Monday, June 2, 2008

Sweet, Wonderful Context

For as far as we have come in terms of baseball writers recognizing the notion of context, I'm certain that for as long as Chipper Jones stays within shouting distance of .400, we will see 10 mindless "Can Chipper do it?!" articles for every one, like this one from Tim Marchman, which rationally assesses his chances rather than simply concludes "nah probably not":

The main reasons why it's impossible to reach baseball's most mythic mark are quite plain. Most important is that much as the 60-home run campaign is basically an artifact of the steroid era, the .400 batting average was more or less an artifact of the early live ball era, when fielders hadn't yet adjusted, in terms both of technique and equipment, to new realities of the game.

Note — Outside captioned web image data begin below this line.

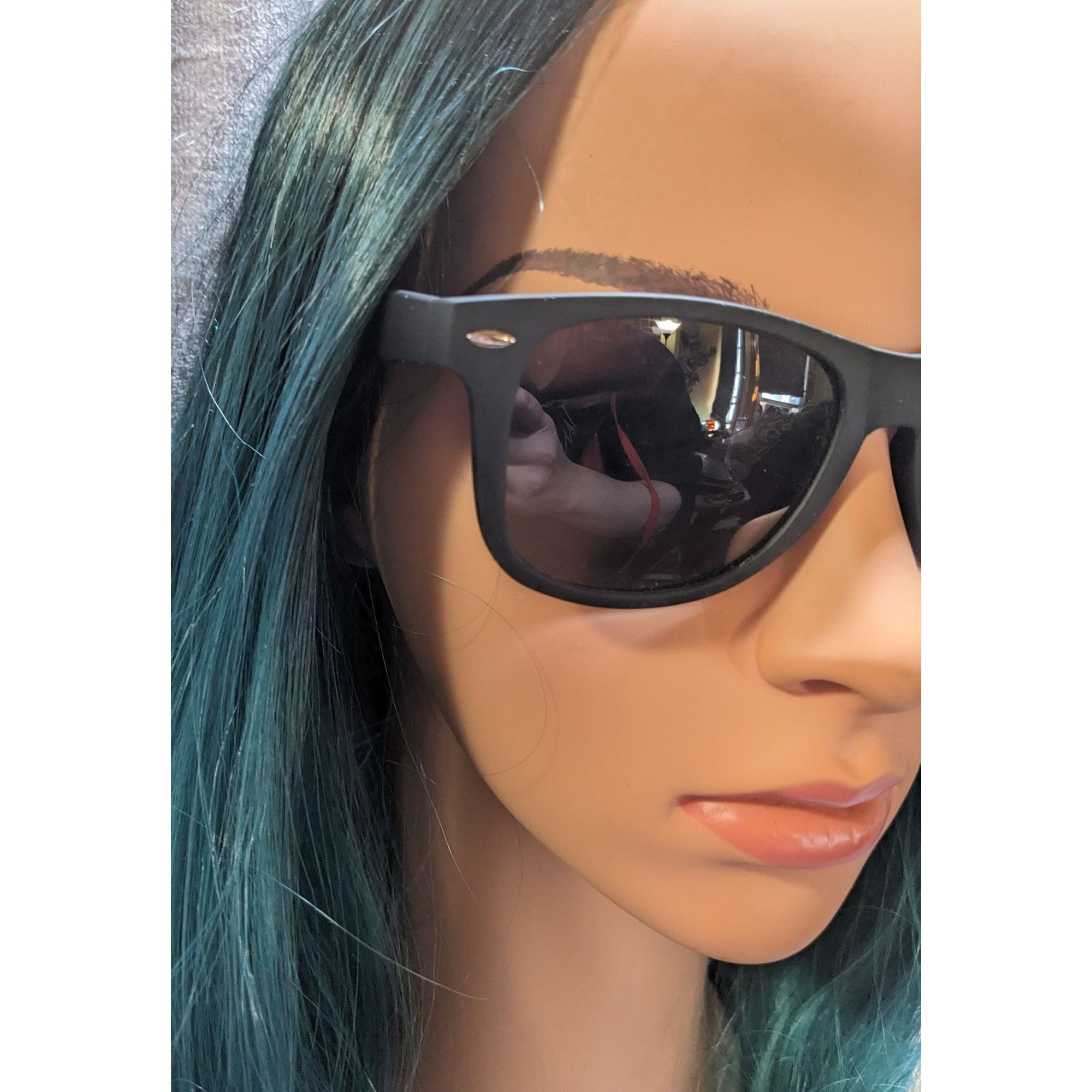 Other Retro Black Kaliyadi Velvet Touch Sunglasses Size ONE SIZE - 6 Thumbnail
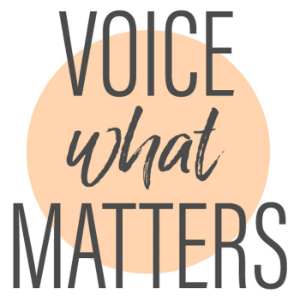 Voice what Matters: the Podcast-logo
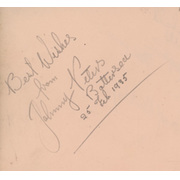JOHNNY PETERS 1935 BOXING AUTOGRAPH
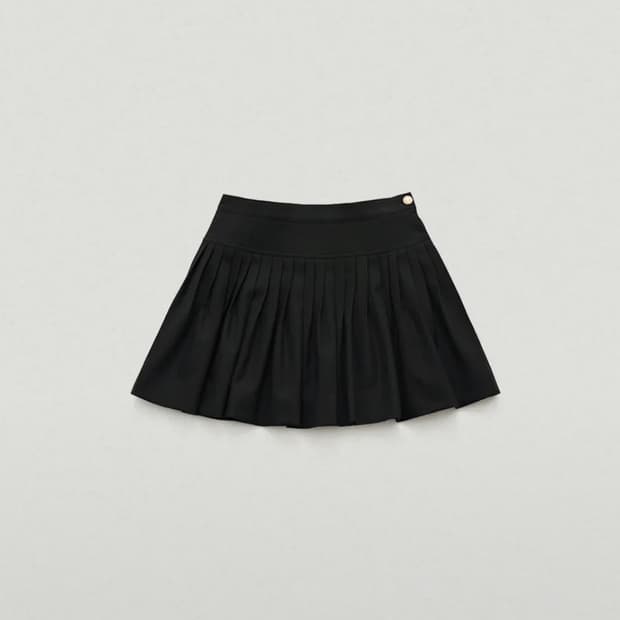 더바넷 Karelian Pleats Mini Skirt 스커트 블랙 m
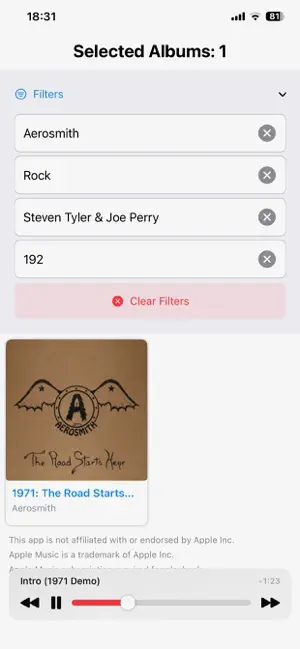 Hi-Res Albums Player screenshot 4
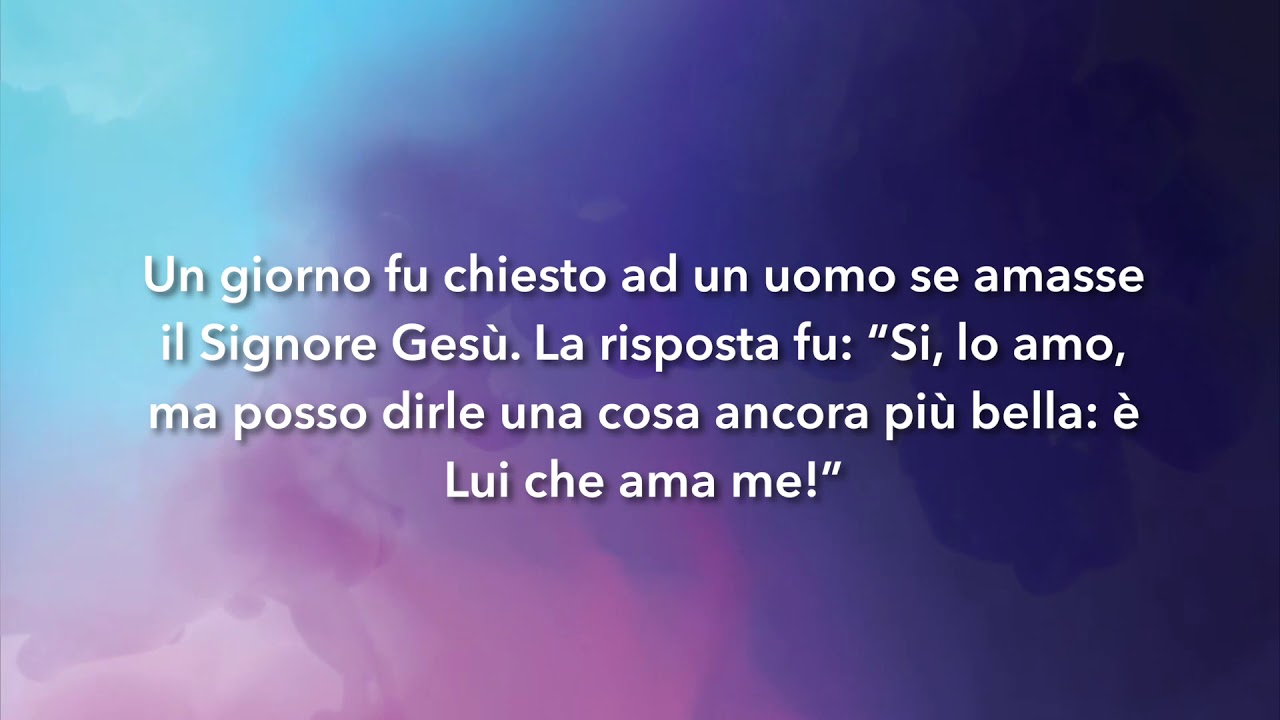 Meditazione Calendario "Parole di Vita" del 24 giugno 2019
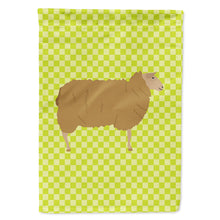 Load image into Gallery viewer, East Friesian Sheep Green Flag Canvas House Size BB7803CHF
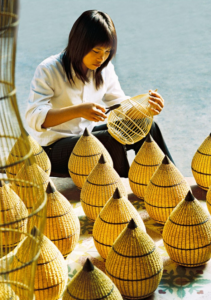 Sản phẩm mây tre đan độc đáo tại làng nghề Phú Vinh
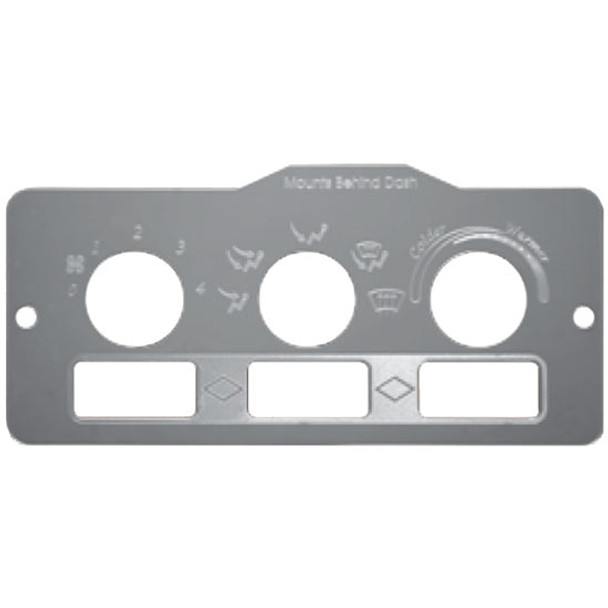 Rockwood Stainless Steel Control Plate A/C Heater For Peterbilt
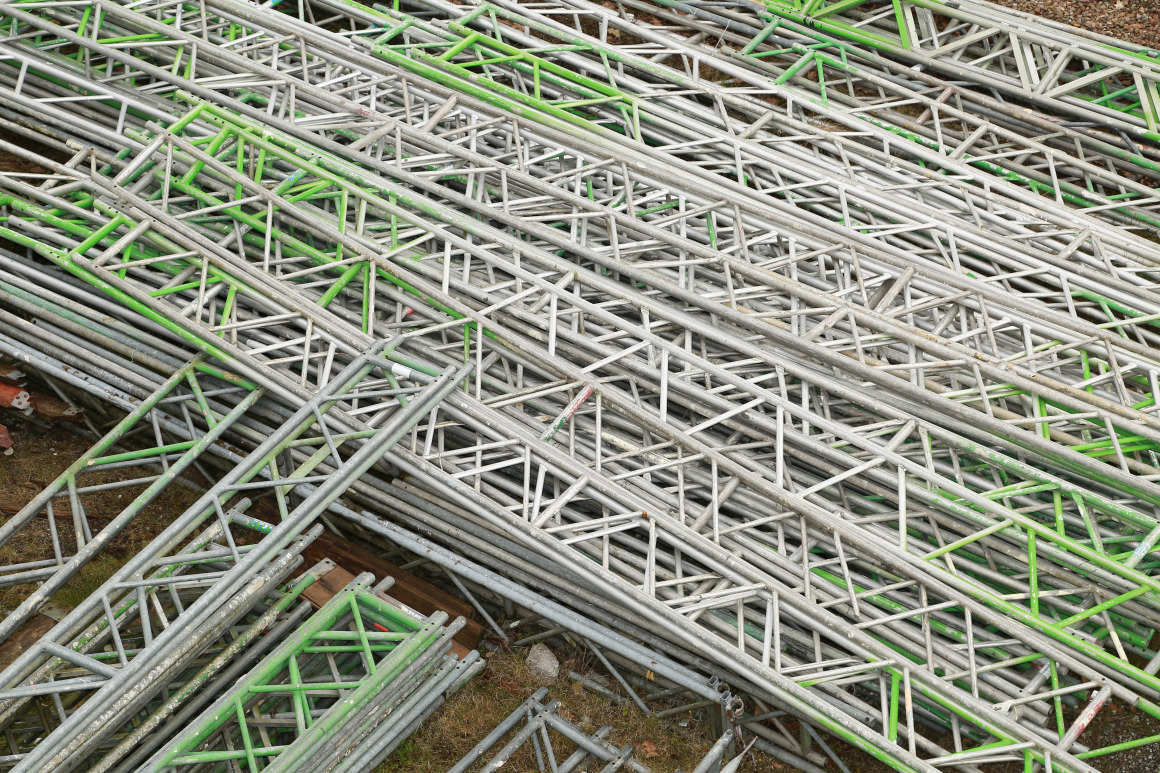 Gerüstbau auf Baustelle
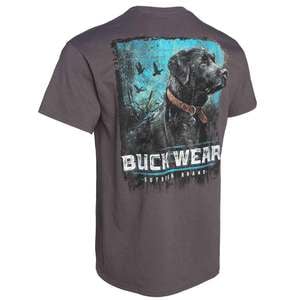 Buck Wear Men's Painted Splatter Short Sleeve Shirt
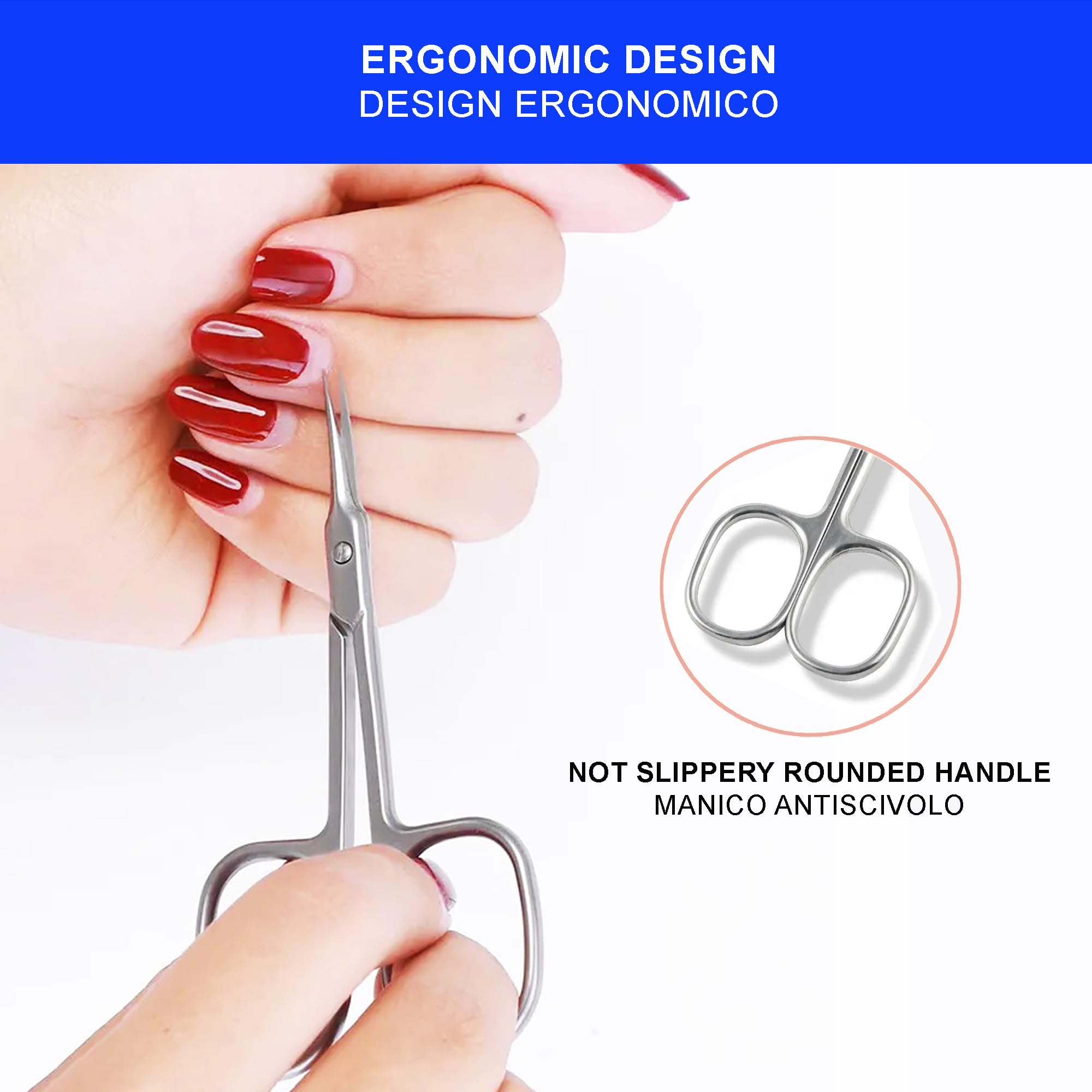 Forbici Professionali Per Cuticole A Punta Sottile E Curva - Foto 7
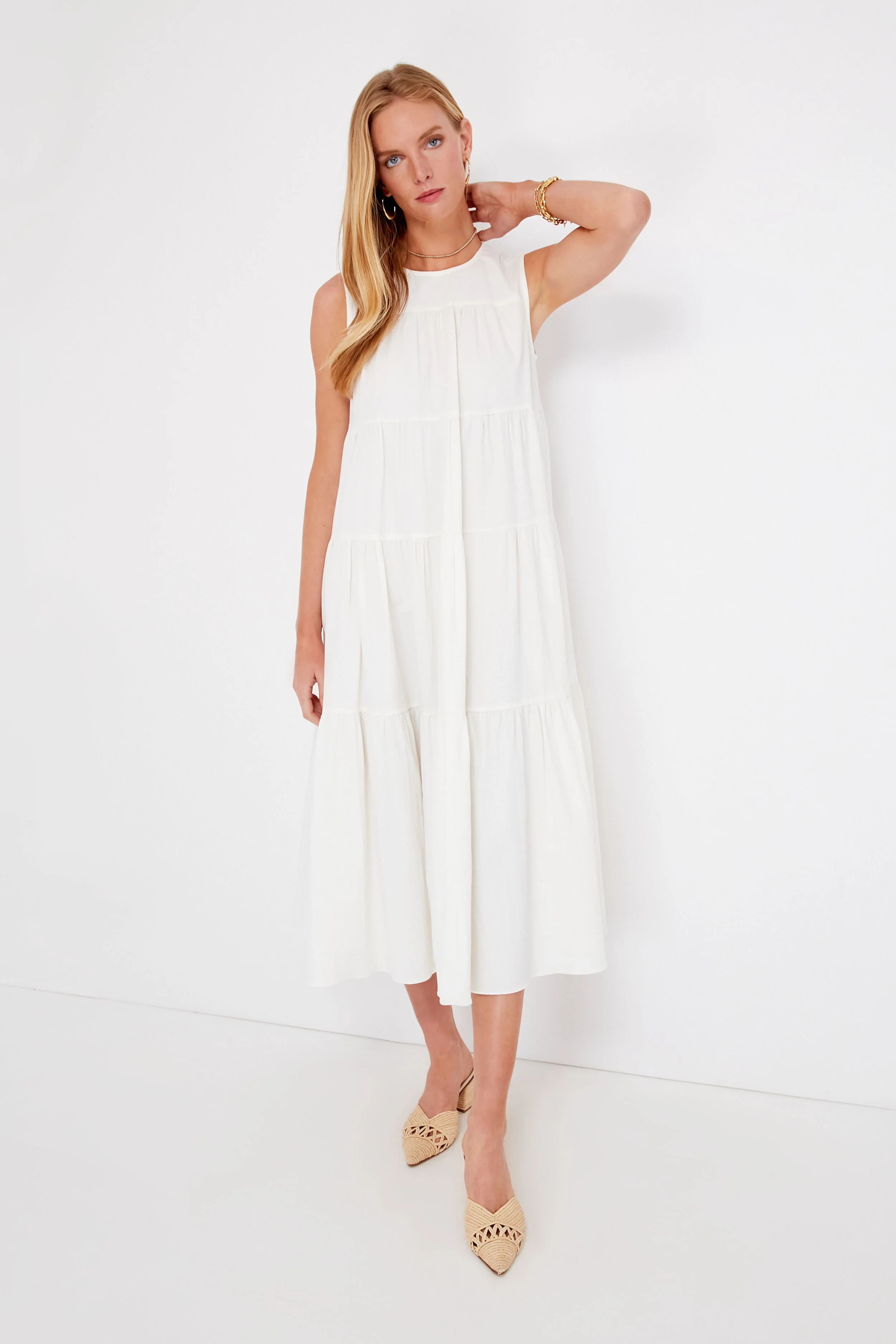 White Carmen Dress | Tuckernuck (US)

Between 1921 and 1930, batters hit .400 seven times, which is one more time than all major league hitters managed between 1901 and 1920 and between 1931 and the present day. We can either conclude that all the best hitters for average in history peaked in the 1920s and that all the best home run hitters in history peaked in our own time, or we can acknowledge that all baseball numbers are a product of their time, to be viewed with a wary eye.
Marchman goes on to make a great point that no one else is making, and that's that for as nice and satisfying as .400 might be, it may be just as big an accomplishment, adjusted for context anyway, for Jones to hit .375 as .406 was for Williams in 1941.

5 comments:

Drew said...

I think the "baseball fan community" as a whole doesn't want to see landmark numbers approached, and certainly doesn't want to see them broken. Consider how aside from people like Marchman, nobody's talking about context when it comes to hitting .400, but as soon as someone hits 60+ homers, it's all about how the game has changed. In the back of their minds, most people know this stuff. They just don't want someone to think about Chipper Jones and Ted Williams as being anything close to peers.

Peter said...

Numbers must be viewed in the context of their era? Heresy! We could compare statistics from 1911 to statistics from 1976 until big bad Barry Bonds and the 'roided up evil-doers came along and ruined everything!

Daniel said...

Barry Bonds and the 'Roided Up Evil Doers is a great band by the way.

Rob said...

It's not that someone hit 60+ homers and all everyone talked about was how the game had changed, it was two players doing it in the same season, with one of them hitting 70, then both hitting 60+ the following year, and then Bonds hits 73.

If multiple players were to threaten .400 this season, I guarantee you that all anyone would talk about would be how the game had changed and how no one can play defense anymore.

Peter said...

The point is that the context of the era always mattered and that, in the bigger picture, steroids didn't destroy our ability to compare eras any more than segregation, amphetamines, etc...let alone the advancements in technology, nutrition, health care, training, etc.